Science educators often want their students to distinguish between observation and interpretation. To observe is to collect information about events, while to interpret is to make meaning of that information by drawing inferences or by judging the match between the information and some abstract pattern. The distinction between observation and interpretation, although sometimes difficult, leads to more precise critical thinking in science classes.

These two science concepts metaphorically define two concepts we use in education: observing students' work, and interpreting the worth of that work. However, a confusion arises, particularly in English, over what to name each concept. Some educators, by convention, use the same term for both concepts. This would tend to force one to equate the methods of collecting data with the methods of interpreting those data. This can cause problems. Recently, the convention in Canada is to refer to the act of collecting student work as assessment and the act of judging that collection of work as evaluation. Conventions in other English speaking countries may have other definitions for those terms. I notice that Prof. Black consistently uses the term "assessment" throughout his paper, although the term "evaluation" does appear.

The distinction between assessment and evaluation helped me understand Prof. Black's quotation from Messick (1989, p. 13), the quotation that defined validity. The Canadian convention recognizes Messick's definition of validity as simply the adequacy and appropriateness of the evaluation of students. The Canadian convention allowed me to think about another topic not addressed by Messick's definition, the validity of student assessment. Obviously we are concerned about the consistency between assessment techniques and evaluative judgements, but this does not mean that we should necessarily use the same concept of validity for both assessment and evaluation.
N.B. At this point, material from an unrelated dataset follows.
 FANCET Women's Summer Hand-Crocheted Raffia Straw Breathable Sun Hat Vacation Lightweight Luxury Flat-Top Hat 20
Similarly, our thinking might be sharpened if we discuss summative versus formative evaluation in the context of judgements made about student work, and not confuse our thinking with summative and formative assessment (monitoring student work).
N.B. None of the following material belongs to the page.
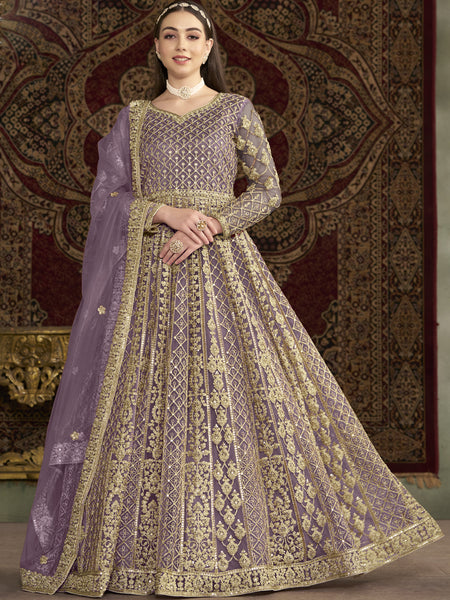 Lavender Net Embroidered Anarkali Suit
The distinction between assessment and evaluation also guides our thinking about student participation. Prof. Black discussed the advantages and problems of "pupil self-assessment." These could be clarified by making the distinction between self-assessment and self-evaluation. Almost all students can engage in self-assessment (helping to decide what information should be collected and being largely responsible for collecting it), whereas problems can ensue when students are expected to engage in self-evaluation (as Prof. Black described).
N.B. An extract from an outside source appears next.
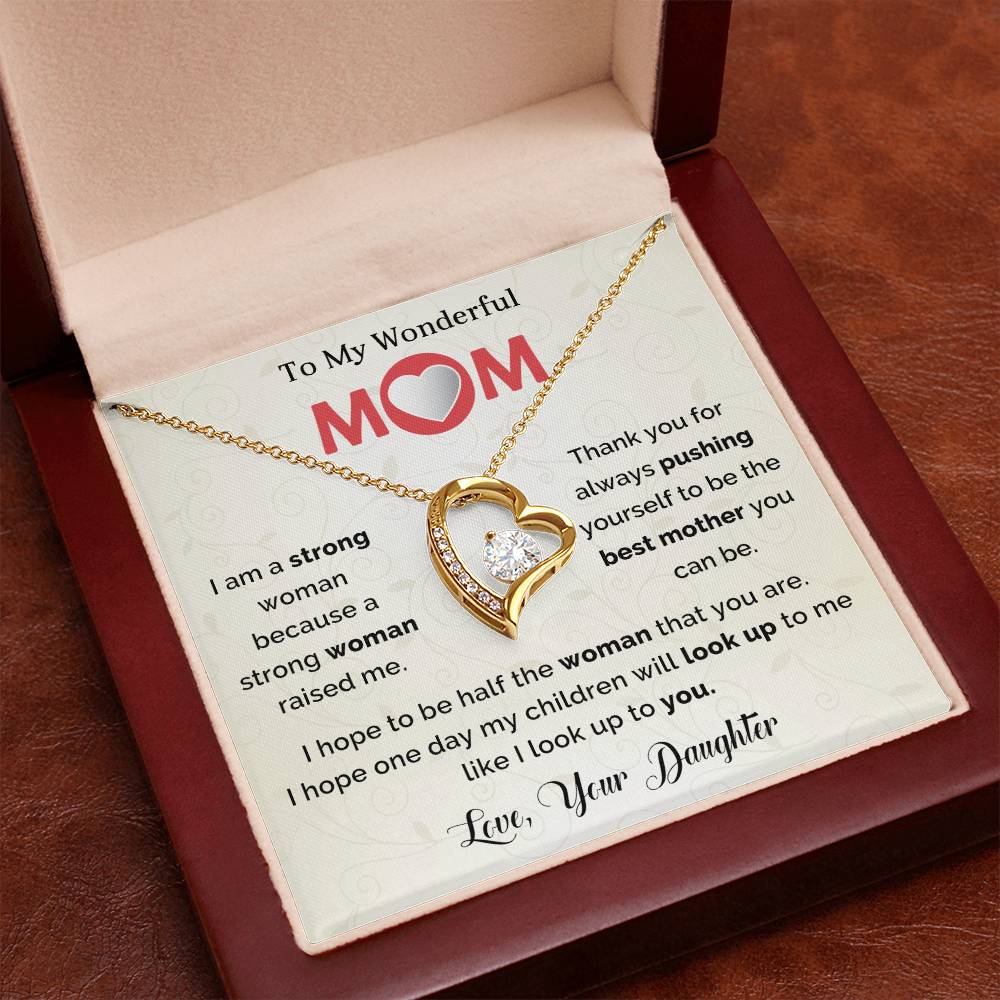 To My Mom Heart Necklace Gift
A Framework for Assessment and Evaluation

Because educational assessment and evaluation fall within the domain of social science, we can turn to the social sciences to clarify what we do in education. For instance, Habermas (1971, p. 308) recognized that the social sciences were comprised of three different orientations (or paradigms): the empirical-analytic, the interpretive, and the critical-theoretic. These three paradigms represent the complete domain of assessment and evaluation (Ryan, 1988). Rather than focusing narrowly on a two-category system -- traditional versus alternatives -- Ryan expands our thinking by adding a third category (critical-theoretic) that has direct implications for reform. The three paradigms will serve as a framework for thinking about assessment and evaluation.

Ryan (1988) described Habermas's three orientations in terms of assessment and evaluation paradigms as follows:

  1. Empirical-analytic: Western technical rationalism embodied in logical positivist origins. This amounts to the traditional standardized approach to assessment and evaluation.

2. Interpretive: understanding students' language, concepts, and actions from the point of view of the student. Alternative assessment techniques such as portfolios and concept mapping illustrate this paradigm.

3. Critical-theoretic: the elimination of oppressive human relationships (oppressive is defined in terms of forced assimilation). Two examples would be: assessment rubrics for thoughtful decision making developed collaboratively between teacher and students, and student self-evaluation.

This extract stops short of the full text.